Ok definitivo alla Legge sulla Montagna

Serie di interventi per sostenere sanità e istruzione, agricoltura, turismo, trasporti, servizi digitali e contrastare lo spopolamento. Inserita una norma che responsabilizza chi si avventura su percorsi escursionistici, sollevando amministratori e proprietari dal rischio di essere denunciati in caso di infortunio...
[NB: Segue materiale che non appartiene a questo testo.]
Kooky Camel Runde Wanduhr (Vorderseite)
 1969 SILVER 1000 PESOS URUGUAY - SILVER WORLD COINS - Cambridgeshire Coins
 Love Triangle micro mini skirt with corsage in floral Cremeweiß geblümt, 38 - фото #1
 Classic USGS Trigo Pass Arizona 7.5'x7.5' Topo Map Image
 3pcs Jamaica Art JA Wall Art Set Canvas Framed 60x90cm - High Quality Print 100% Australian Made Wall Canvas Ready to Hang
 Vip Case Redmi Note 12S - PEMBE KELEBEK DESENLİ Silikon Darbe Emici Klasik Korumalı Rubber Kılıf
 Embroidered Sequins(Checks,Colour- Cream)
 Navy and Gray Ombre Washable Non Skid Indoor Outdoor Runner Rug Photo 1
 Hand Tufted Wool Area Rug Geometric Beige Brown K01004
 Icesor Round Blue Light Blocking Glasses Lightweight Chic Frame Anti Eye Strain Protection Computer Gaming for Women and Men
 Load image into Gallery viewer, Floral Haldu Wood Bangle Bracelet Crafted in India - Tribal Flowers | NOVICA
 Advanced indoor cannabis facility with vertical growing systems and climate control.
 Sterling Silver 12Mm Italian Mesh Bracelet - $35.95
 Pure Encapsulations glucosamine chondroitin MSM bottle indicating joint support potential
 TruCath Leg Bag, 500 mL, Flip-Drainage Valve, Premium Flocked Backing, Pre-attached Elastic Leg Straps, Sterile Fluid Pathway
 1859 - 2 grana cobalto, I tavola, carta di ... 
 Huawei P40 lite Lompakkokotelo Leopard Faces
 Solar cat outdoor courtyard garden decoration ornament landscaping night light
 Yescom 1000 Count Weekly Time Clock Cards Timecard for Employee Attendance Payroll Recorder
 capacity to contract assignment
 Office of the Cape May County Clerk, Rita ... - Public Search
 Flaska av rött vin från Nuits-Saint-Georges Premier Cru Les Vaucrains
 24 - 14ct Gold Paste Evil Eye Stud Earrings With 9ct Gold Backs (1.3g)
Via libera definitivo del Senato, il Ddl Montagna è legge. Previsti 200 milioni di euro l’anno e misure per il sostegno delle zone montane e contro lo spopolamento. Lo stanziamento riguarda il periodo 2025-2027, servirà, in particolare, per la sanità di montagna e l’istruzione (con incentivi per medici, operatori sanitari e personale scolastico che scelgono di lavorare in montagna) e una serie di interventi per sostenere l’agricoltura, il turismo, i trasporti, i servizi digitali e contrastare lo spopolamento, attraverso incentivi alla natalità e il miglioramento dei servizi essenziali. Nella Legge previste forme di sostegno alle famiglie e ai giovani con agevolazioni dedicate.
L’iter partì circa un anno e mezzo fa, dal primo via libera del Consiglio dei ministri e un lungo passaggio parlamentare: ora  il disegno di legge per il riconoscimento e la promozione delle zone montane è stato approvato definitivamente dall’aula del Senato.

La Legge Montagna

La Legge Montagna ha anche l’obiettivo di combattere l’abbandono dei terreni e degli immobili. Sono previsti la tutela dell’ambiente (misure contro il cambiamento climatico), la responsabilizzazione di chi si avventura su percorsi escursionistici, sollevando amministratori e proprietari dal rischio di essere denunciati in caso di infortunio.
La senatrice Spelgatti: “Una battaglia storica che sancisce un principio: chi si avventura in montagna deve sapere di non essere né in un parco divertimenti né su di una ciclabile di città, per cui, una volta debitamente avvertito, si assume il rischio che andare in montagna comporta”.
Nella Legge anche norme in materia di grandi carnivori, in pratica con la definizione annuale di un tasso di prelievi per il mantenimento degli habitat naturali e l’abbattimento su base regionale del lupo.